I have been thinking that since theres an _ArrayBinarySearch function in autoit that searches in O(log n), that it would be great to make an '_ArrayBinaryInsert' or '_ArrayOrderedInsert' that would insert elements in order. Basically the function would use _ArrayBinarySearch to compare in O(log n) the elements in a previously ordered array with the new value and then insert the new value. The problem is that when inserting it would have to push all the other values to the right of the array (if sorting ascending for instance) and that in the worst case is O(n) :/ But what if the 'array' would actually be a data structure which would consist in a 2D array or an array of arrays where the first element has the value and the second one has a pointer to the next array element? Here's a draw:

Posted Image

Now that I think that is similar to a linked list (actually 'arrays' in autoit behave much like a linked list because you can add new elements dinamically always, I mean their size is not determined in compile time) but the problem is that linked lists are not indexed thus you have to go element by element thus O(n) in the worst case again.

Another problem is that I don't understand how to create a pointer and make it to point to a datatype in autoit (well in autoit there aren't even datatypes :x ) . All I got is this instruction:

Ptr ( expression )

Converts an expression into a pointer variant.

But I don't know its employment.

Another thing I thought was using _ArrayConcatenate but I would need a function that splits the array at the position where I want to add the new value which would be an array of one element and concatenate them and then with the array that is 'at right' of the split position.
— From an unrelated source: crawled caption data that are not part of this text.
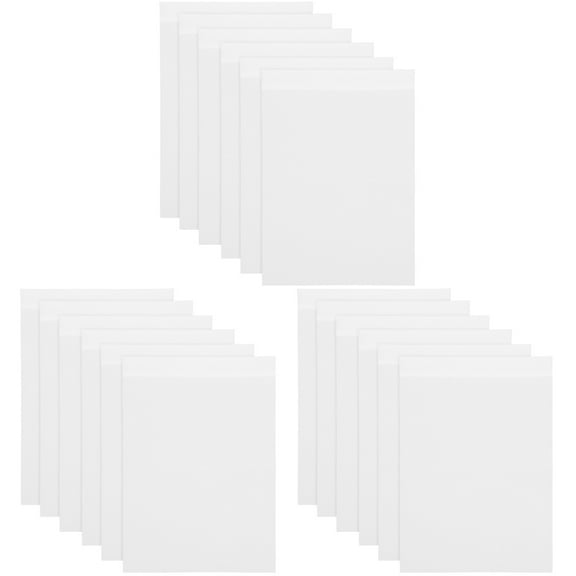 18 Pcs Blank Garden Banner Plain White Color Flags Placemats Outdoor Decor DIY Sublimation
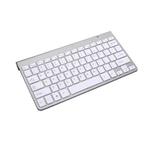 USB External Notebook Desktop Computer Universal Mini Wireless Keyboard Mouse, Style:Keyboard(Silver)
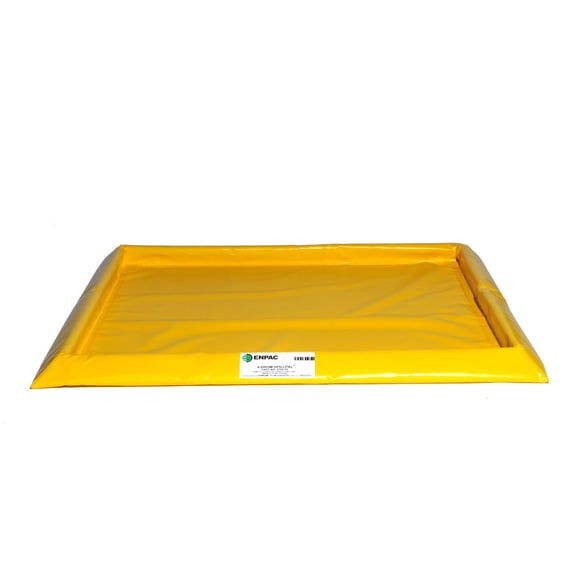 Enpac 4 Drum SpillPal Spill Pad, Yellow, Foam Sidewalls, Low Profile, Tough, Durable, Two-Way Air Relief, Foldable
Anyway, looking at _ArrayConcatenate function I saw this:

For $i = $iStart To $iUBoundSource - 1
        $avArrayTarget[$iUBoundTarget + $i] = $avArraySource[$i]
    Next

So O(n) again :P

Is there a way to do an insert function that inserts a value in order in O(log n) ?
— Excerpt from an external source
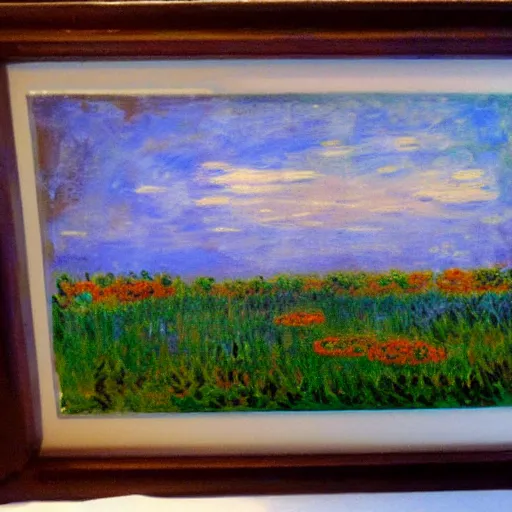 Image similar to acrylic paint landscape style monet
PS: I know there's _ArraySort that sorts an array using the quicksort/insertionsort algorithms but reading wikipedia I saw that it is O(n log n)

Link to comment
Share on other sites

  • Replies 42
  • Created
  • Last Reply

Top Posters In This Topic

Top Posters In This Topic

If you are wanting to add just a few values to an already sorted list then I would

ReDim the array to accommodate the new values

Append the new values.

Use and Insertion Sort to put all the values back in order.

With a mostly already sorted list an Insertion Sort will be very close to O(n)
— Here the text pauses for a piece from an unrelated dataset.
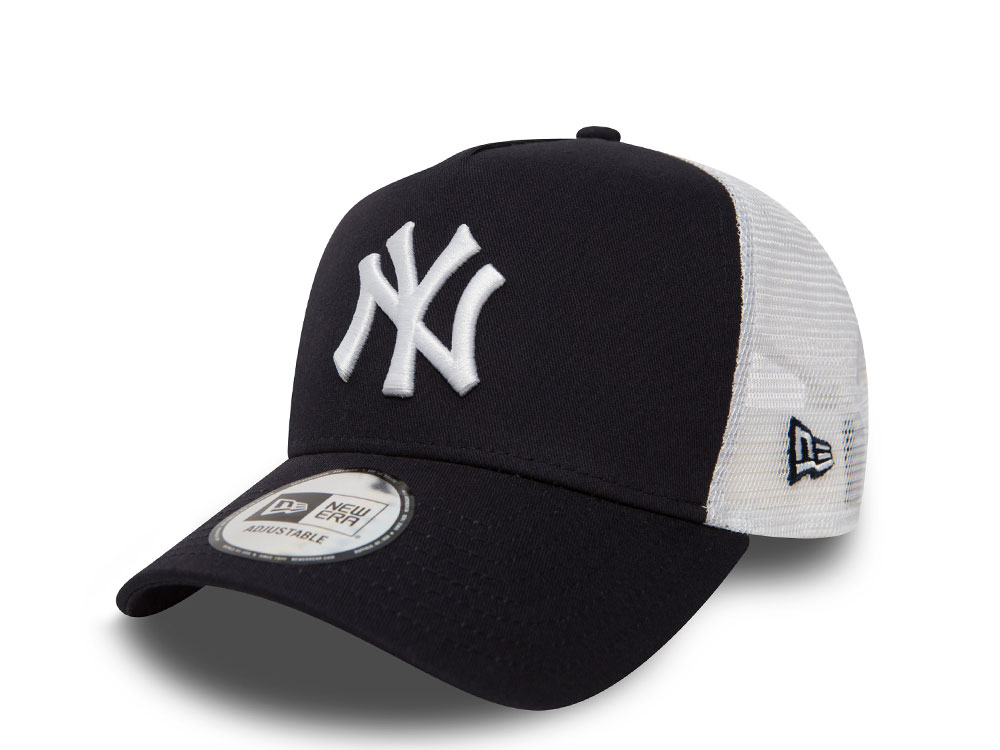 New Era New York Yankees Navy and White A Frame Trucker Snapback Gorra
"Programming today is a race between software engineers striving to build bigger and better idiot-proof programs, and the universe trying to build bigger and better idiots. So far, the universe is winning."- Rick Cook

Link to comment
Share on other sites

Ok thanks for your answers! But I asked this because I have a script that I'm trying to optimize. Here is the idea of it:

While UBound($array) <> 0
        
      $element = $array[0]      
      _ArrayDelete($array,0)
      
      $array2 = _somefunction($element)
      
      
      If IsArray($array2) Then 
         For $i = 0 To Ubound($array2) - 1
             _ArraySearch($arrayofresults,$array2[$i]); search whether the element is already in $arrayofresults
             If @error = 6 Then ; if it isn't in $arrayofresults then add it to both arrays
                _ArrayAdd($arrayofresults,$array2[$i])
                _ArrayAdd($array,$array2[$i])
             EndIf
         Next
      EndIf
WEnd

Bowmore said to order the array so that I can use Binary Search so I would do that before the For loop:

While UBound($array) <> 0
        
      $element = $array[0]      
      _ArrayDelete($array,0)
      
      $array2 = _somefunction($element)
      
      
      If IsArray($array2) Then
         _ArraySort($arrayofresults) 
         For $i = 0 To Ubound($array2) - 1
             _ArrayBinarySearch($arrayofresults,$array2[$i]); search whether the element is already in $arrayofresults
             If @error = 3 Then ; if it isn't in $arrayofresults then add it to both arrays
                _ArrayAdd($arrayofresults,$array2[$i])
                _ArrayAdd($array,$array2[$i])
             EndIf
         Next
      EndIf
WEnd

Let's assume that all the arrays have n elements and I will analyze the execution time inside the while. -Also I'll take the execution time of the _somefunction($element) as O(1) . So in the first code I would have in the worst case:

For $i = 0 To Ubound($array2) - 1 --> O(n)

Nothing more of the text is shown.